## WORK TASK
Keep the wording of each record exactly the same when you repeat it, and leave out pictures.

## RECORDS FOR THIS EXERCISE
==============================

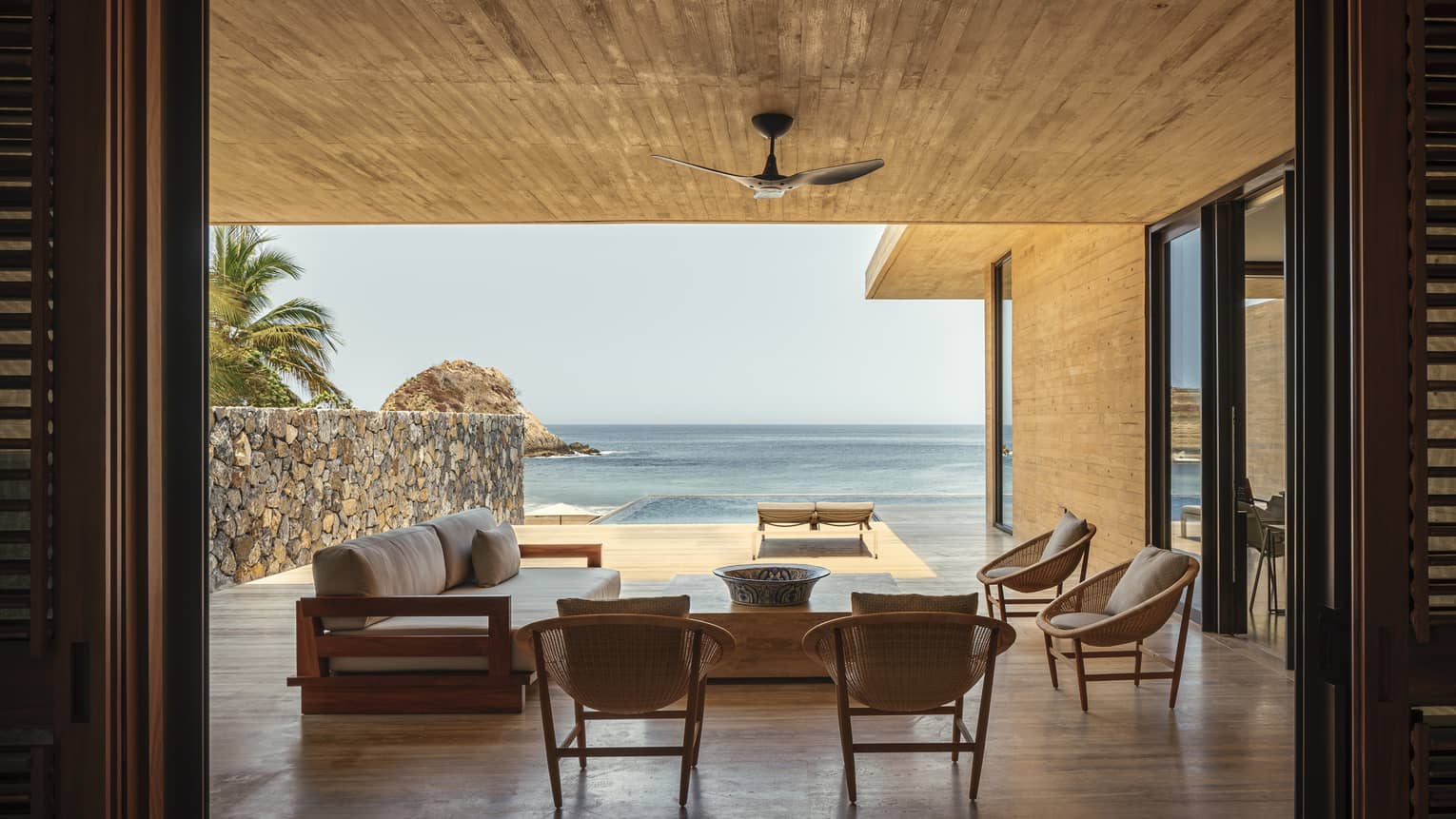 An open-air luxury villa overlooking the ocean, featuring a shaded seating area with modern wooden furniture and a private infinity pool extending towards the beach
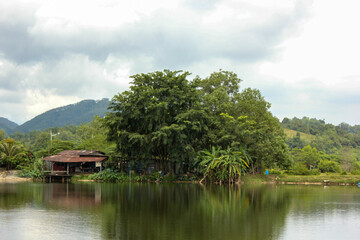 Fototapeta na wymiar Scenic view of a riverside village with lush green surroundings in the outskirts of the town of Ipoh in Malaysia.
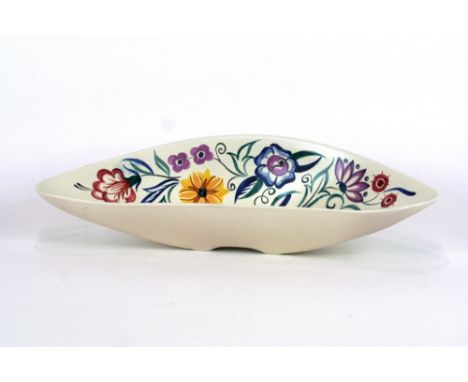 A Poole pottery dish of curved form, typically decorated with colourful flowers on white ground, 45cm in extremes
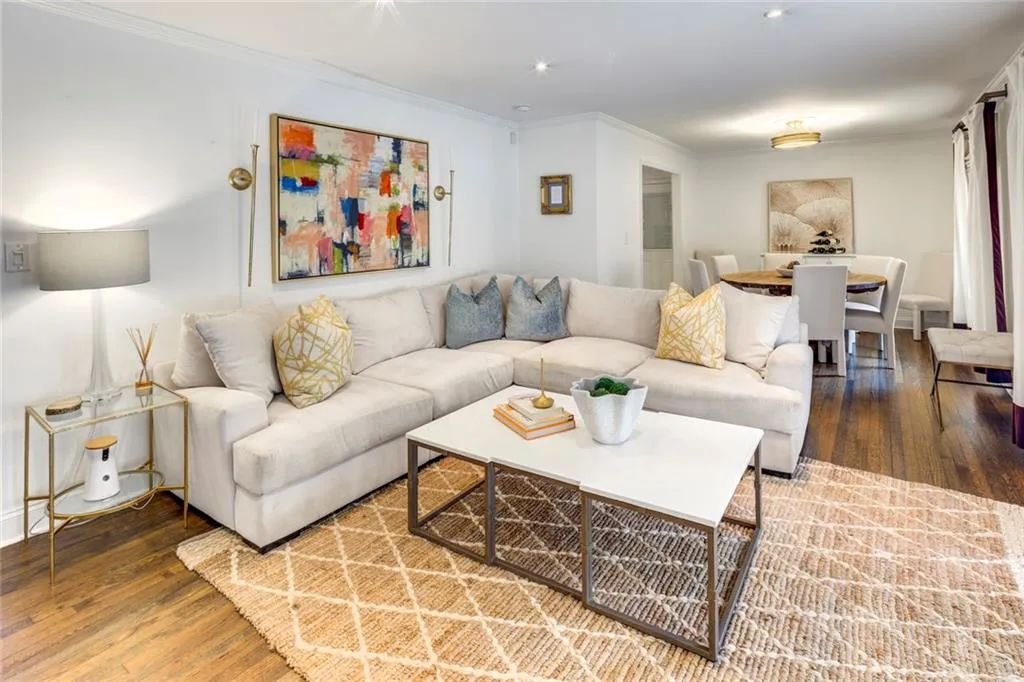 Living room featuring hardwood / wood-style floors and crown molding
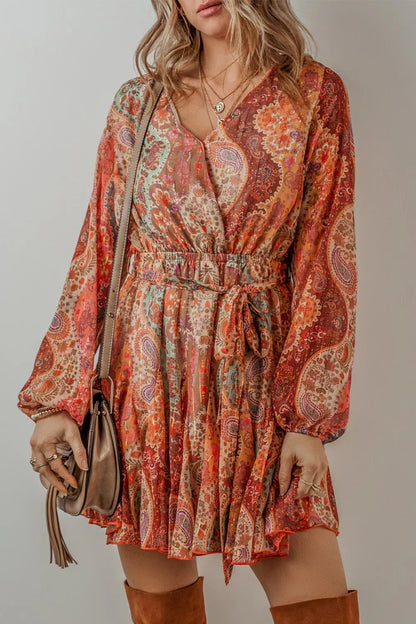 Woman wearing a patterned dress with long sleeves against a neutral background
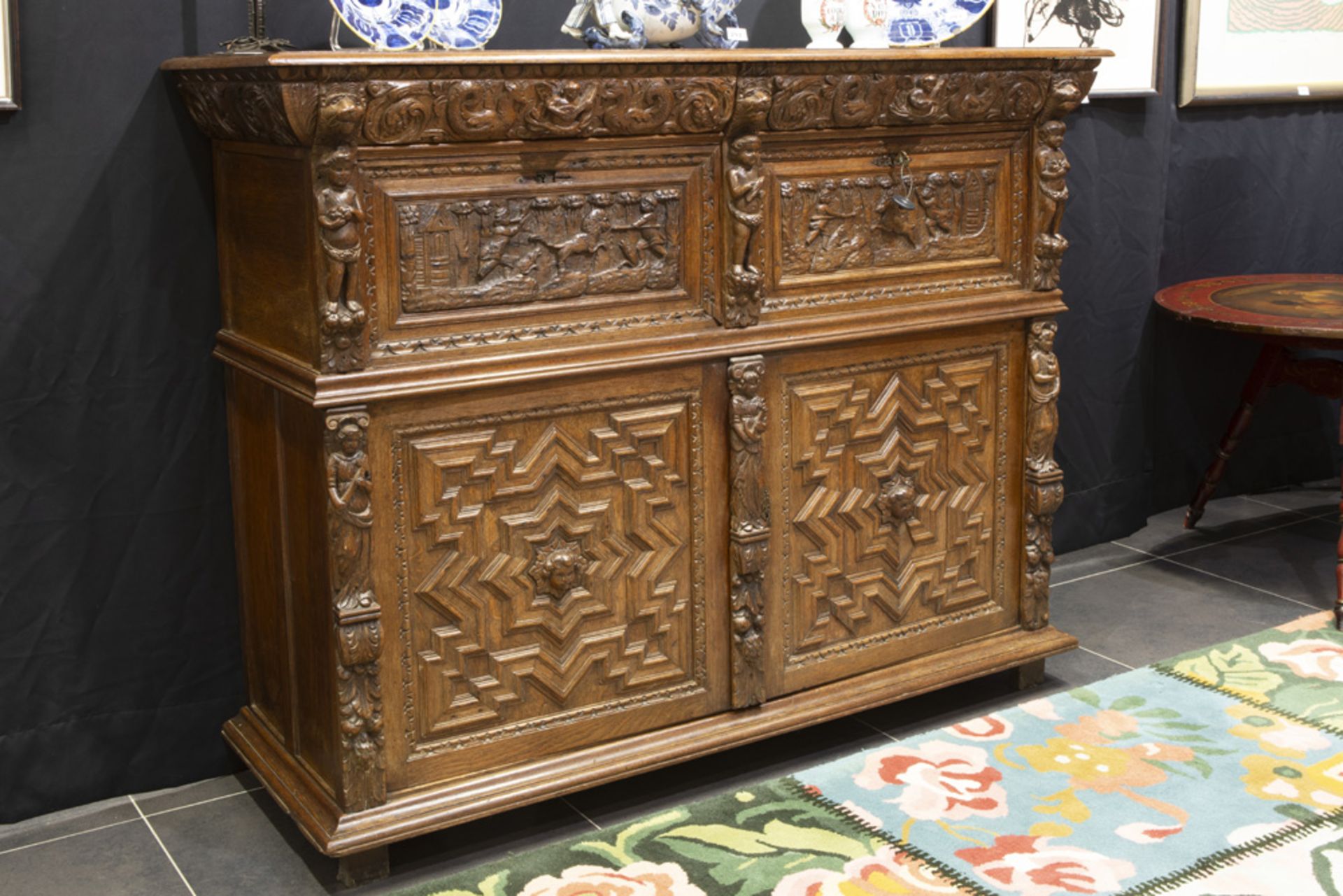 17th Cent. Flemish baroque style cupboard in oak with typical, sculpted ornamentation with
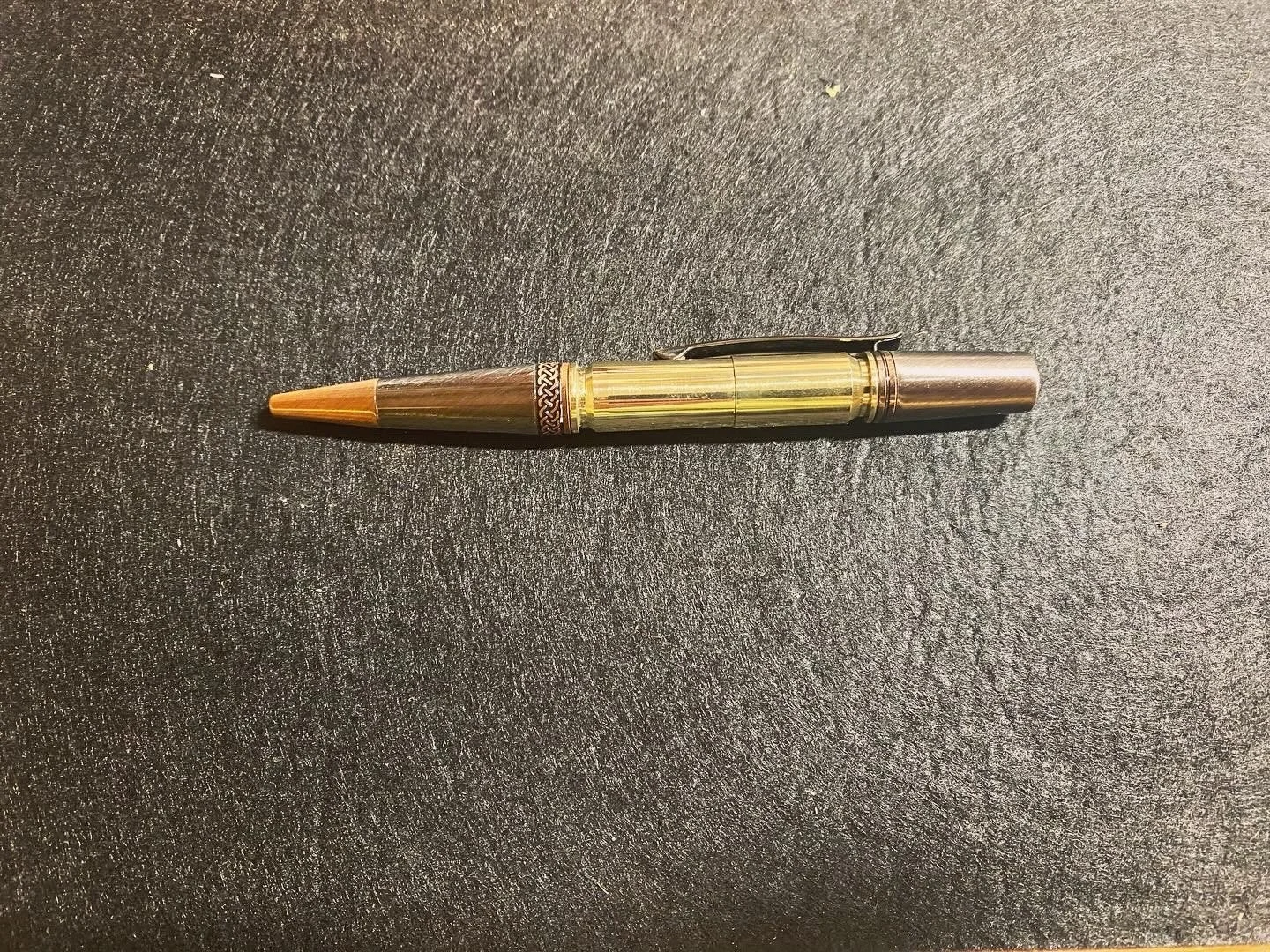 A .308 and .45 ACP once fired brass twist pen.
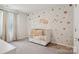 Bedroom with a crib and soft, decorative touches creates a cozy and inviting space at 120 Parson Ln, Statesville, NC 28625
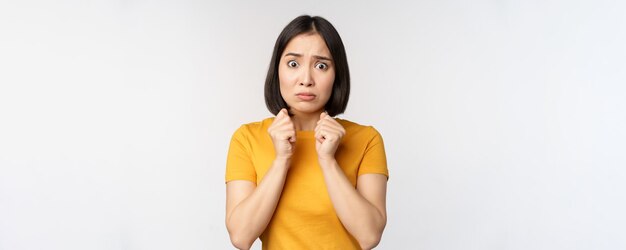 Portrait of scared asian woman shaking from fear looking terrified and concerned standing anxious against white background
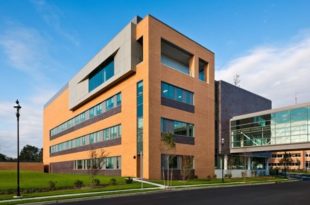 This image depicts Shore Memorial Hospital. It is a four-story building beside a black asphalt road. It features Mapes impact-resistant panels.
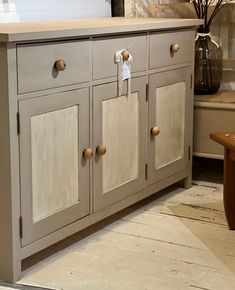 a kitchen cabinet with two doors and knobs on the front, next to a bench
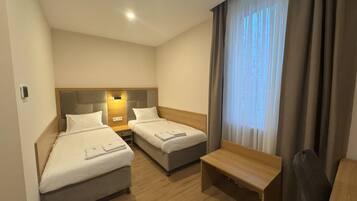 Habitación de hotel con dos camas, un escritorio y una ventana con cortinas.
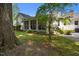 This backyard features a screened-in porch and lush green lawn at 1000 College St, Oxford, NC 27565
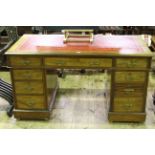 Victorian mahogany nine drawer pedestal desk with red tooled leather inset top, 74cm by 137cm.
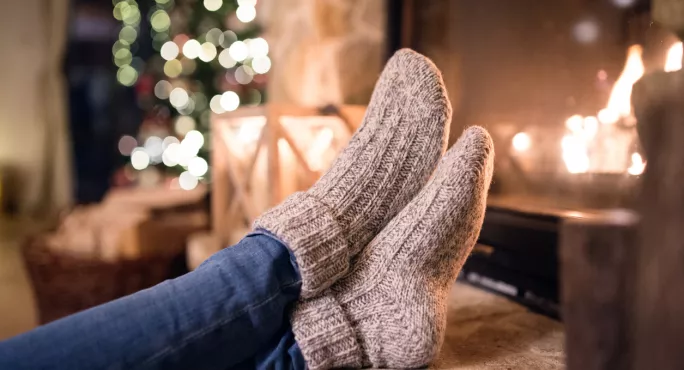 A Woman, Wearing Thick Socks, Puts Her Feet Up By The Fire At Christmas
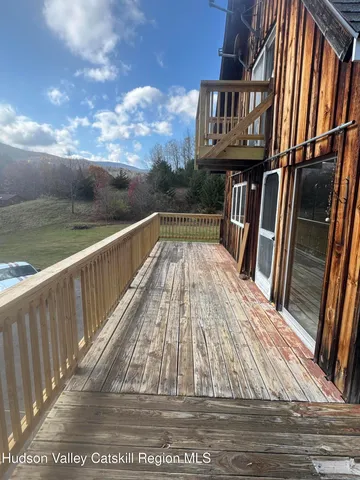 a view of balcony with wooden floor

==============================

## YOUR RESPONSE
 An open-air luxury villa overlooking the ocean, featuring a shaded seating area with modern wooden furniture and a private infinity pool extending towards the beach
 Fototapeta na wymiar Scenic view of a riverside village with lush green surroundings in the outskirts of the town of Ipoh in Malaysia.
 A Poole pottery dish of curved form, typically decorated with colourful flowers on white ground, 45cm in extremes
 Living room featuring hardwood / wood-style floors and crown molding
 Woman wearing a patterned dress with long sleeves against a neutral background
 17th Cent. Flemish baroque style cupboard in oak with typical, sculpted ornamentation with
 A .308 and .45 ACP once fired brass twist pen.
 Bedroom with a crib and soft, decorative touches creates a cozy and inviting space at 120 Parson Ln, Statesville, NC 28625
 Portrait of scared asian woman shaking from fear looking terrified and concerned standing anxious against white background
 This image depicts Shore Memorial Hospital. It is a four-story building beside a black asphalt road. It features Mapes impact-resistant panels.
 a kitchen cabinet with two doors and knobs on the front, next to a bench
 Habitación de hotel con dos camas, un escritorio y una ventana con cortinas.
 This backyard features a screened-in porch and lush green lawn at 1000 College St, Oxford, NC 27565
 Victorian mahogany nine drawer pedestal desk with red tooled leather inset top, 74cm by 137cm.
 A Woman, Wearing Thick Socks, Puts Her Feet Up By The Fire At Christmas
 a view of balcony with wooden floor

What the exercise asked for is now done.